§ Task details:
Your job is to set down the stretch of entries that opens with the line containing "group-of-kids-in-splatter-paint-room" and closes with the line containing "Jockeys Hugh Bowman". Keep both end lines, copy each exactly, and add nothing.

§ Dataset entries:

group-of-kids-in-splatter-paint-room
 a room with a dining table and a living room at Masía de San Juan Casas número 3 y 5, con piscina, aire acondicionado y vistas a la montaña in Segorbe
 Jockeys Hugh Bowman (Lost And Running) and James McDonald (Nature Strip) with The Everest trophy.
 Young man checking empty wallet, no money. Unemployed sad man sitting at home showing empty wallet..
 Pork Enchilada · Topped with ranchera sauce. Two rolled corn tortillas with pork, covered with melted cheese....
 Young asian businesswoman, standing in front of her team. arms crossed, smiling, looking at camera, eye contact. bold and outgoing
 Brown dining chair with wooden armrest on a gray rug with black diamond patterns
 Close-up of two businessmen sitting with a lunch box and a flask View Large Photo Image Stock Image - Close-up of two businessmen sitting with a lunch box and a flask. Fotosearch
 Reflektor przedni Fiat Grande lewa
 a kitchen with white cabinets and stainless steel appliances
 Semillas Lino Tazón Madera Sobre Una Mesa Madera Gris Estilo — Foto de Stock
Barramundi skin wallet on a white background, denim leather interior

* * *

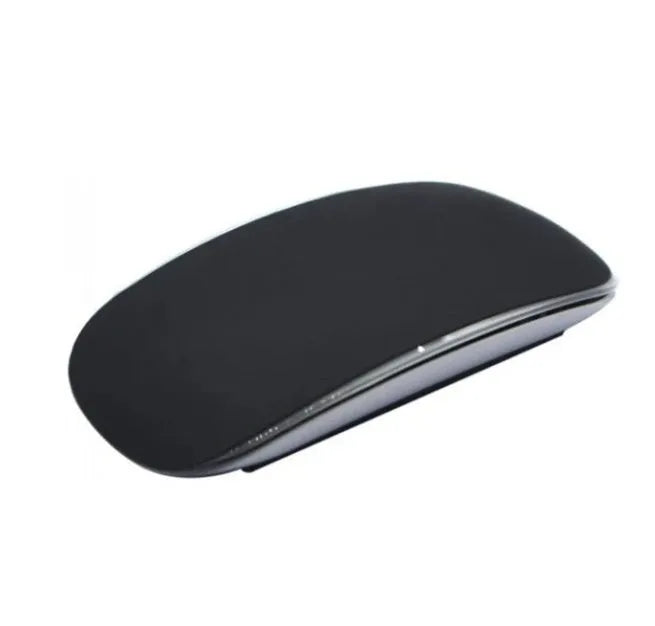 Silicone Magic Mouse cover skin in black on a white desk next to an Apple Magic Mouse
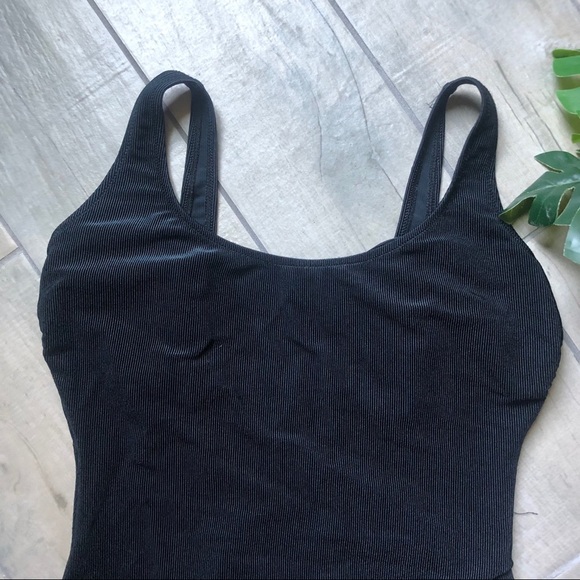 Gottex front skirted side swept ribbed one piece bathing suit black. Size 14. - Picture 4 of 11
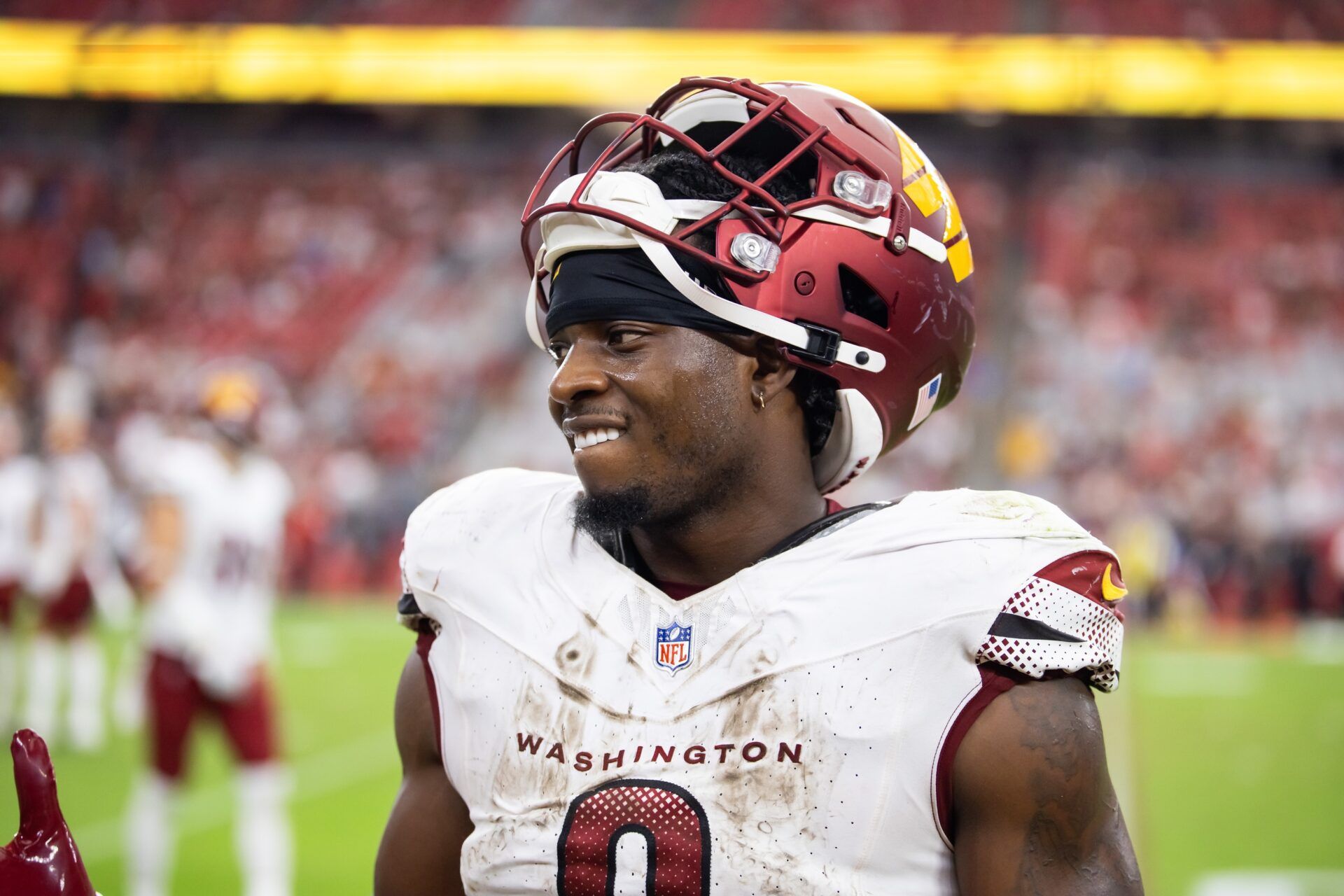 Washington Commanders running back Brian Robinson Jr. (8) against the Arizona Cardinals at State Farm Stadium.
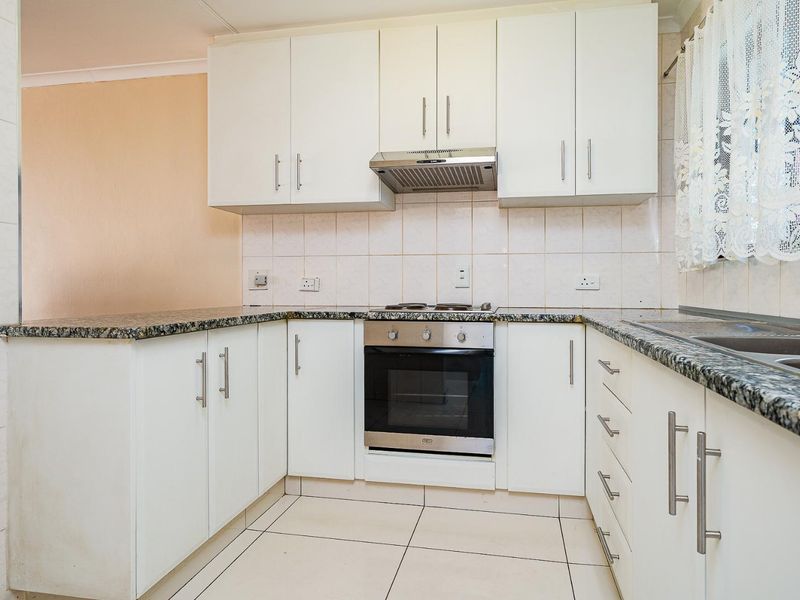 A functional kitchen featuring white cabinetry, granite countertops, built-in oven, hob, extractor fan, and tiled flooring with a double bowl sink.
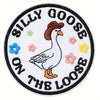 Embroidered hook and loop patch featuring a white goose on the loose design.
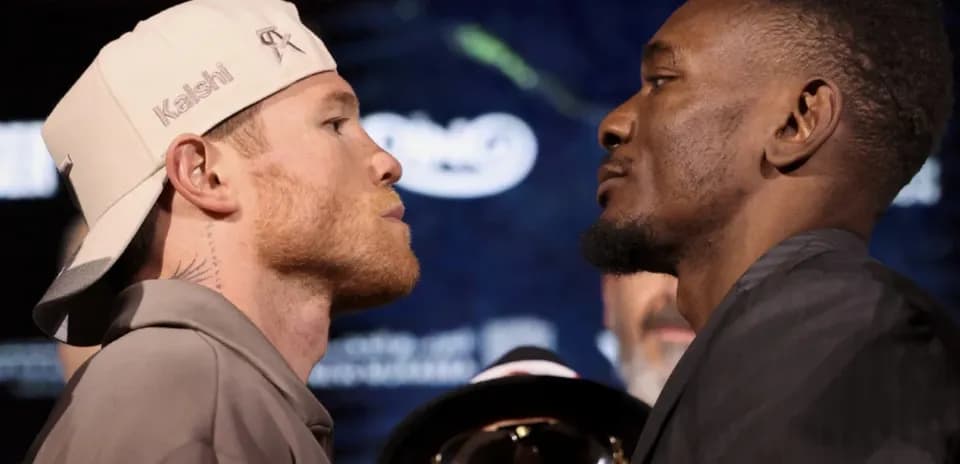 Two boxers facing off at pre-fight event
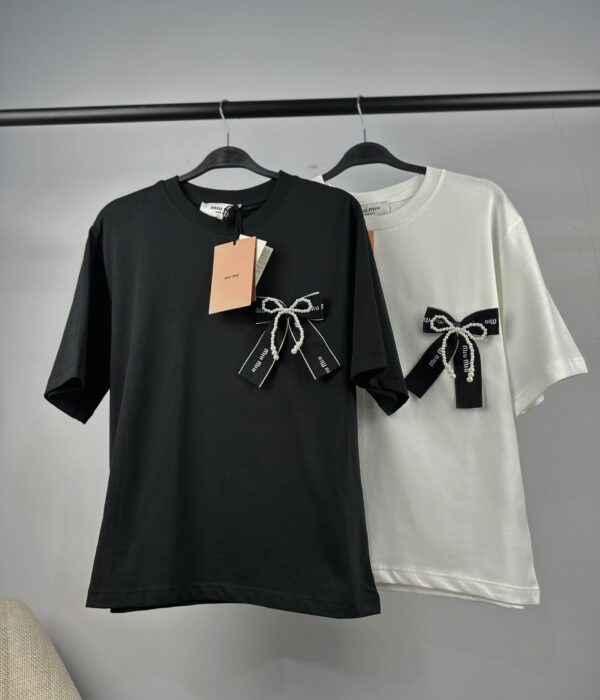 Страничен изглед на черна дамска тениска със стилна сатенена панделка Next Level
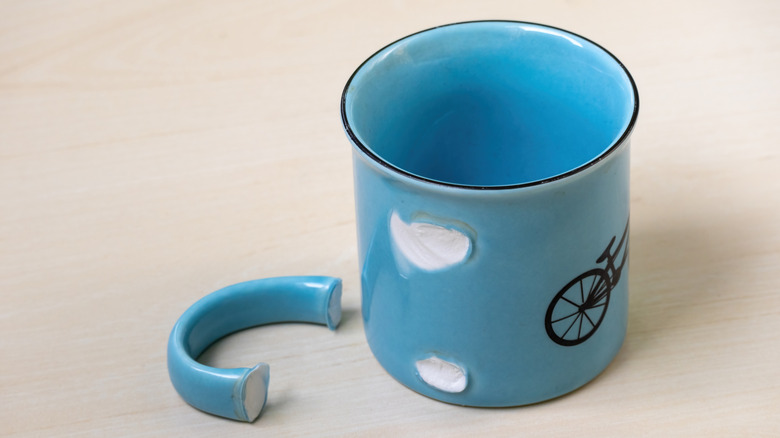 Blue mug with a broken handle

* * *

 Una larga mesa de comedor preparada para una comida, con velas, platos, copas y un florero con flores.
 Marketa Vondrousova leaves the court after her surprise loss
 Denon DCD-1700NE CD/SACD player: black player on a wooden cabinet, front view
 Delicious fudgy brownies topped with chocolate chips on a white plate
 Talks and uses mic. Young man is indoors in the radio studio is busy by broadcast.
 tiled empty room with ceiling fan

§ Task answer:
group-of-kids-in-splatter-paint-room
 a room with a dining table and a living room at Masía de San Juan Casas número 3 y 5, con piscina, aire acondicionado y vistas a la montaña in Segorbe
 Jockeys Hugh Bowman (Lost And Running) and James McDonald (Nature Strip) with The Everest trophy.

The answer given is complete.